Selecting the proper aircraft battery involves a number of questions…
How long will the battery last?
What price should you pay for a good battery?
Which battery company should you trust?
We will help you solve these questions and make the correct decision, right now.
Batteries are a fairly simple device that allows storage of electricity in chemicals. Flooded wet cell batteries have chemicals that can reverse the process of a battery being exhausted. By adding an electric charge to these batteries, the chemical potential is restored.
More common batteries, such as the Valve-Regulated Lead-Acid (VRLA) sealed battery and the Nickel Cadmium battery, offer different options for your specific aircraft.
The Nickel Cadmium (Ni-Cd) battery contains interleaved electrodes connected internally. This aircraft battery involves a process that minimizes oxygen recombination and helps ensure low and stable overcharge current.
The VRLA aircraft battery use either one 12-cell or two 6-cell plastic containers. The main difference between VRLA battery and vented batteries is the use of higher pressure valves and different separators. In the VRLA batteries these valves promote oxygen transfer.
There are two primary types of VRLA batteries, gel cells and AGM. Gel cells add silica dust to the electrolyte, forming a thick putty-like gel. These are sometimes referred to as “silicone batteries”. AGM (absorbed glass mat) batteries feature fiberglass mesh between the battery plates which serves to contain the electrolyte. Both designs offer advantages and disadvantages compared to conventional batteries, as well as each other.
Extending Battery Life
When was the last time you thought about your aircraft’s battery?
If you are like most pilots, you most likely thought about it when you had to remove it either because it failed or due to required normal maintenance. Performing maintenance on your battery, not just when it is required, can preserve its usefulness and performance.
The battery needs to be inspected regularly to assure it will function and perform as expected.
Both Teledyne/Gill and Concorde require periodic inspection and maintenance of their aircraft batteries. One of the required inspections is a capacity test.
This consists of placing a specified load on the fully-charged battery and then measuring the time it takes for the battery to be drawn down to a specified voltage.
If the capacity test reveals that the battery has at least 80% of its rated capacity, then it’s considered airworthy and can be returned to service.
Charging your battery can be optimized as well. The ideal way to charge a battery is at a constant current rate in amps equal to 20 to 40 percent of the battery’s capacity in amp-hours until the battery reaches optimal voltage.
A great option for charging your aircraft battery is a charger such as the ones made by BatteryMINDer®. Aviation batteries use a higher specific gravity (SG) electrolyte in their batteries. If you use a non-aviation charger then the battery can be overcharged. Compared to automotive chargers (13.8-14.6 volts) the BatteryMINDer® chargers are 12 volt chargers and will not overcharge your battery.
BatteryMINDer® models feature a Plug ‘n Run feature as well as a full-time automatic pulsed desulfation circuitry which can dissolve built up sulfation on the battery’s storage plates, this will restore lost cranking power as well as extend the life of your aircraft battery.
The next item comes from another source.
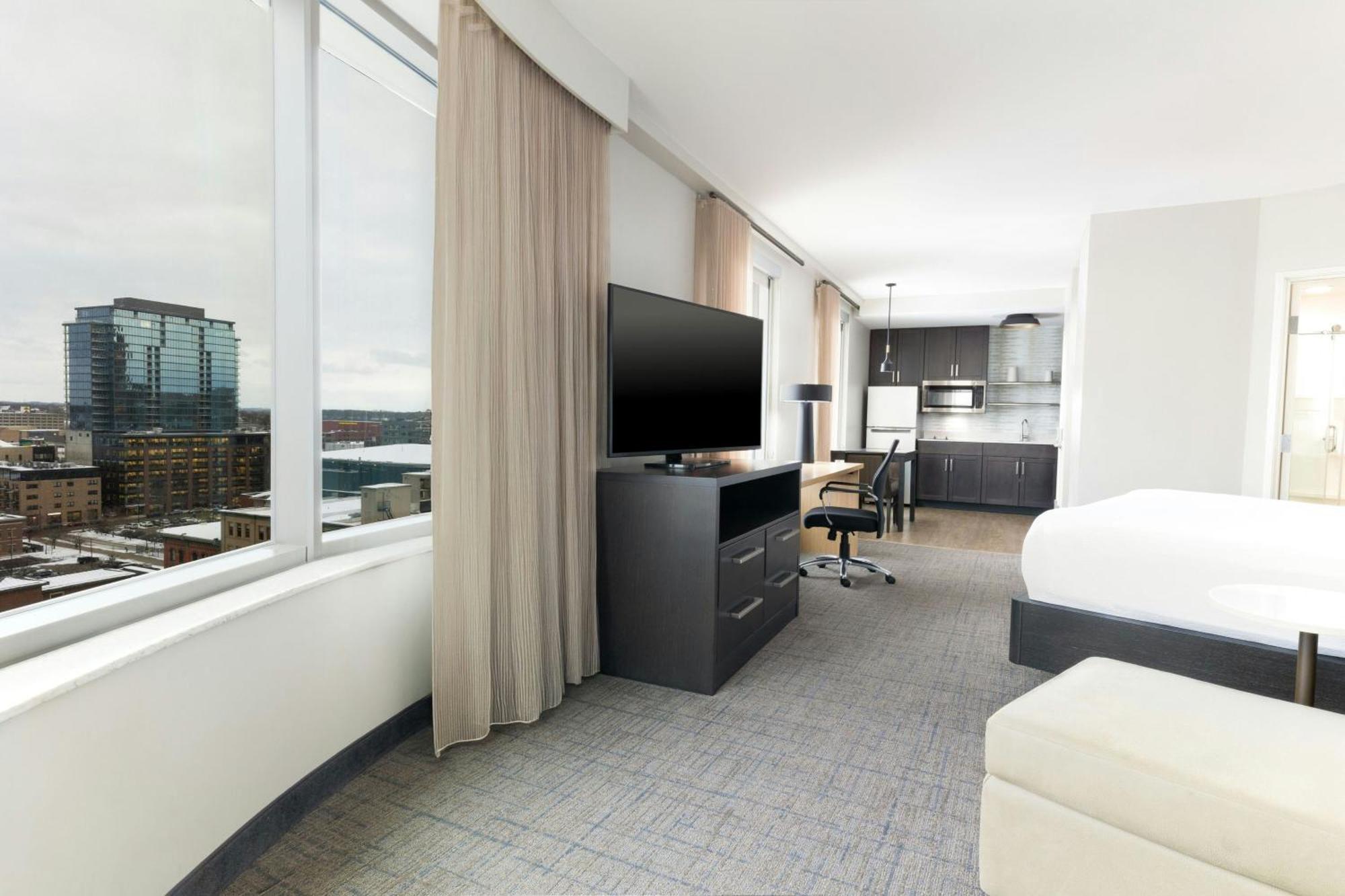 Residence Inn By Marriott Grand Rapids Downtown Экстерьер фото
The temperature compensating sensor featured on the BatteryMINDer® chargers will keep your battery from being overcharged in warm weather and undercharged in cold weather. This is vital to the longevity of your aircraft battery.
So, that begs the question, how do batteries fail if you can recharge them and protect them from dying? There are a few ways battery failure occurs:
- Sludge buildup in the bottom of the battery
- Batteries discharging during periods of disuse
- Gassing and subsequent loss of electrolytes
- Sulfation- the most common cause of battery failure
An aircraft battery can be bought from numerous companies, but few have the quality track record of Gill. Founded in 1920, Gill has stood the test of time.
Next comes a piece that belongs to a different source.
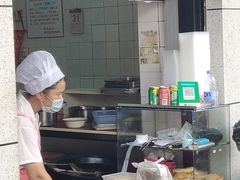 -黄阿姨锅贴大王(万航渡路店)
Gill’s latest battery line, the 7000 Series LT batteries, are sealed, VRLA, and non-spillable. Compared to other brands, such as Concorde, the evidence is quite obvious that Gill has added features that, to put it simply, create a longer lasting battery.
Amongst other features, this new line of batteries includes:
- Improved 18 month/1800 hour capacity check inspection
- Gill has extended this capacity check inspection time from 12 months or 800 hours. This is a major increase for pilots and mechanics. Compare this time to any aircraft without Gill batteries and you’ll find 12 months, or 800 hours, is the standard.
- Industry leading 24 month warranty for both turbine and non-turbine aircraft
- Most manufacturers only offer 12 months on turbine aircraft only.
- High reliability through engineered processes
- The superior shelf life offered by Gill’s new battery series can help defend against battery self-discharge. The new shelf life can last up to two years without degradation to the battery.
- Robust construction that offers durability and dependability
- FAA / PMA Approved and TSO authorized
- Offers the best discharge and recharge efficiency in lead-acid chemistry
- Improved energy density
- Tested to DO-160E
Choosing a product like Gill 7000 Series LT aircraft battery can really upgrade your current battery situation. Gill has worked hard at improving their batteries and becoming the new industry leader.